Martin Amis has been my favourite novelist for most of my life. All the same, having been forewarned about its contents, I wasn't going to read this book at all. Then I found a copy at the Colombo Municipal Library and impulsively borrowed it.
Being, myself, an ageing writer somewhat troubled with premonitions of mortality, I knew I was risking my peace of mind by taking up a largely autobiographical work by an another, older writer similarly troubled: particularly a ‘novel’ that is largely about other famous and well-loved writers growing old and senile, losing their talent and dying of horrible diseases. Luckily, that’s far from all there is to Inside Story. It also contains, for instance, quite a lot about the author’s love life, which appears to have been rich, variegated and wildly successful, and later about his wives and children. There is also quite a bit about his parents’ love lives and those of their contemporaries (Philip Larkin being singled out for detailed treatment; there’s even a photo gallery of his girlfriends). There are various meditations on Jewishness – ethnic, literary and political – and about the ‘threat’ of radical Islamism, which was the green hill on which, early in the century, the author chose to crucify his political reputation; he appears to have learnt a few lessons from that experience, and rather more from the experience of his friend Christopher Hitchens, who (as we are reminded several times in this book) energetically supported the US invasion of Iraq.
Amis claimed that Inside Story is a novel. This is a bit of a joke, and though I don't doubt parts of the story have been fictionalized, it is definitely a personal memoir. I suppose one of its ancestors is Nabokov’s Speak, Memory, although the feeling-tone of that book is very different. The autobiography, fictionalized or not, is ‘interluded’ (as he puts it) with some writing about writing, included for the benefit of aspiring novelists. These are mostly observations about style, and although I did find many of my own concerns as a writer addressed among these interpolations, I got the impression that the insights being shared were really quite personal to the author and his very distinctive style – aesthetic choices, in fact, which some of us might resolve very differently.

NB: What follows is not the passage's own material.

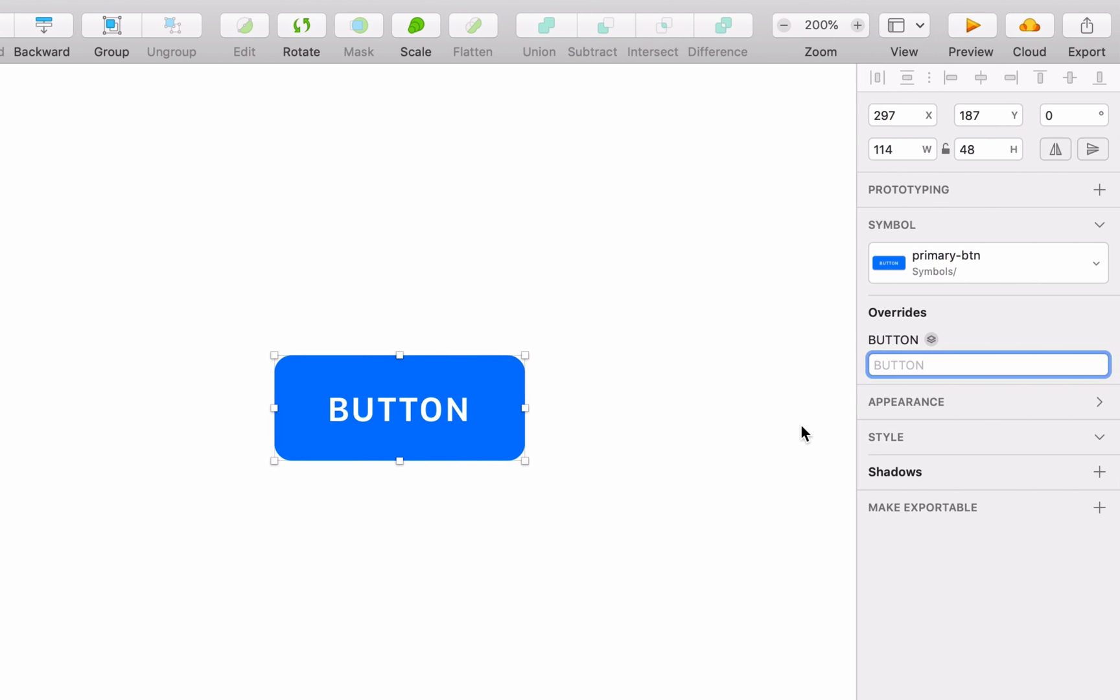And at some point, you'll probably want to customize that button's label using overrides. But what if the label copy you want to use is longer than the button itself?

Leaving aside these masterclass moments, the main burdens of the book are old age, death and dying. Standing or slumped in the queue for the exits we meet Saul Bellow, John Updike, Philip Larkin, the author’s father and of course his best friend, Hitchens, whose personality and long-drawn-out demise (and Amis’s palpable love for him) dominate the book. I happened to be dealing with a mild but nasty respiratory infection while reading Inside Story, and at one point I had to put the book down because of all the extra-literary anxiety the description of Hitchens’s ordeal was causing me. Long, long ago, while still a teenager, I read Vonnegut’s Breakfast of Champions and it triggered in me a very real bout of anxiety/depression. Such is the power of literary suggestion. Inside Story wasn’t nearly so devastating, but Amis’s detailed description of Hitchens's case and treatment rattled me so much that I had to stop reading for a few days. Still, I went back and finished the book in the end, and was rewarded for my pains when the narrative overcast lifted towards the end, the sun shone through and the novelist's art somehow made it all all right.
The other and greater reward was, as always, the privilege of sharing Amis’s thoughts and the wealth of worldly insight vouchsafed the reader over the course of the telling. As I said, he is my favourite writer, and one whose mental space has always seemed to me a larger, better stocked, more elegant and dignified extension of my own.